As oral appliance therapy continues to gain respect across the health care continuum, predictors of treatment outcomes are emerging. Small and detailed physiological studies that look at OSA endotypic traits (pharyngeal collapsibility and loop gain) can help determine greater oral appliance efficacy.
PubMed reports: In 93 patients (baseline apnea-hypopnea index [AHI] ≥20 events/hr), researchers examined whether polysomnography-estimated OSA traits (pharyngeal: collapsibility and muscle compensation; non-pharyngeal: loop gain, arousal threshold and ventilatory response to arousal) were associated with oral appliance efficacy (percent reduction in AHI from baseline) and could predict responses to treatment.
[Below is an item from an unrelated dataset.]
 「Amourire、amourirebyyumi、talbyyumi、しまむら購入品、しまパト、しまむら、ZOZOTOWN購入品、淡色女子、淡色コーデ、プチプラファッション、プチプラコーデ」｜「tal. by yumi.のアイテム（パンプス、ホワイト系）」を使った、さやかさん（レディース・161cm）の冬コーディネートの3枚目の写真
Multivariable regression (with interactions) defined endotype-based subgroups of “predicted” responders and non-responders (based on 50% reduction in AHI). Treatment efficacy was compared between the predicted subgroups (with cross-validation).
Greater oral appliance efficacy “was associated with favorable non-pharyngeal traits (lower loop gain, higher arousal threshold and lower response to arousal), moderate (non-mild, non-severe) pharyngeal collapsibility and weaker muscle compensation (overall R2=0.30, adjusted R2=0.19, p=0.003).”